What impact did Grameen Danone Foods in Bangladesh have on Danone’s core business?
Grameen Danone Foods allowed us to experiment with new approaches and processes. A big corporation becomes more and more top-down in the way it is managed. Our social business in Bangladesh was really created bottom-up. Instead of being part of a big hierarchy, we were a small group of people making decisions. This had a significant impact on how we ran the business.
For example, it was absolutely unthinkable for Danone to have a factory that generated fewer than 20,000 tons of yogurt per year. Yet our factory in Bangladesh has only a 2,000-ton capacity and far lower capital expenses. Here, we are capable of managing small, and we try to keep costs as low as we can. Since this is a small startup and we cannot afford high overhead, we’ve had to put very junior people into senior management positions. We have had time to experiment, because the absolute losses that we create are not so significant. This is revolutionary thinking for a company like Danone.
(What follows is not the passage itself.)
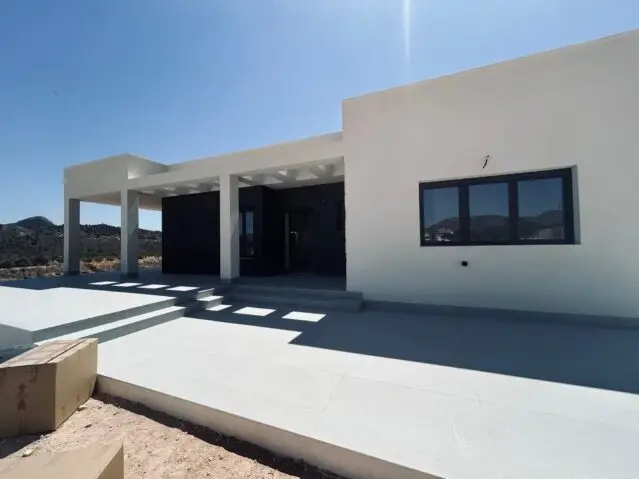 Villa de Lujo Moderna 3 Dormitorios Macisvenda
Also, there have been fantastic new learnings in terms of going to market, understanding and reaching consumers, and creating products that our customers want. The direct-delivery systems we created in Bangladesh are smaller and more effective than what we have in many other countries. And we’ll be launching some products in France that were strongly inspired by our products in Bangladesh.
Our social business is a lever that people still don’t fully understand because the traditional communication and learning flows are from West to East. People in the West aren’t very open to hearing, “Here’s how we do it in Bangladesh.” But it’s an extremely powerful tool, especially if more and more people in the company have these kinds of experiences. We underexploit it massively, but we’ve learned a lot from it.
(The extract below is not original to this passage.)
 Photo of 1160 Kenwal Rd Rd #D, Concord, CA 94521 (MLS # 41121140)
You mentioned that Danone will be launching some products in France that were inspired by the Bangladesh experience. Can you tell us more?
We made some innovations in the product formulation. Milk is very expensive in Bangladesh, but other ingredients can provide the needed nutrition profile at a lower cost. These ideas can be applied in developed countries as well.
Another idea with the potential to travel elsewhere is how we go to market—and the need to explore different distribution channels. In developed countries, such as Germany and France, we sell 80 percent of our products through supermarkets. But in India, for example, we sell via carts. I don’t know if this approach is completely applicable in other areas, but the very act of breaking down mental barriers can be hugely inspirational for big companies.
In Europe, where there are many steps between the manufacturer and the consumer, there may be opportunities to sell products directly—and not necessarily via carts going through Paris. We have a big Danone building in Spain where we sell products directly to consumers. It wasn’t directly inspired by Bangladesh, but this type of thinking can lead to innovation.
Have you gained any other insights from your Bangladesh experience?
One key learning is in the area of business planning. Companies are spending an increasing amount of time planning and then translating those plans into PowerPoint charts. In Bangladesh and India, we learned that it doesn’t really help to plan more and more and more—your plan is going to be wrong.
This experience radically changed how I look at the process. I no longer see it as first the planning, then the action. Now it’s first the action, then the planning. It’s really the ability to act something out, to experiment with something that may be a little vague or entrepreneurial. Since we can’t manage uncertainty, it’s better to manage small, modular experiments and see their impact on the business—instead of taking the traditional approach of adding one business plan to the next, knowing that they’ll never happen but pretending they will.
To generalize, if a company wants to take the risk of building businesses in emerging countries, then it also has to take the risk of nonplanning, taking action, and then planning. If it doesn’t work, you cut your losses and exit. And if it works, you adjust it step by step. This is a permanent, interactive process of correction. It is very, very unlikely that you’ll get it right the first time. I have never seen that, because these countries are fundamentally different than where you’re used to operating.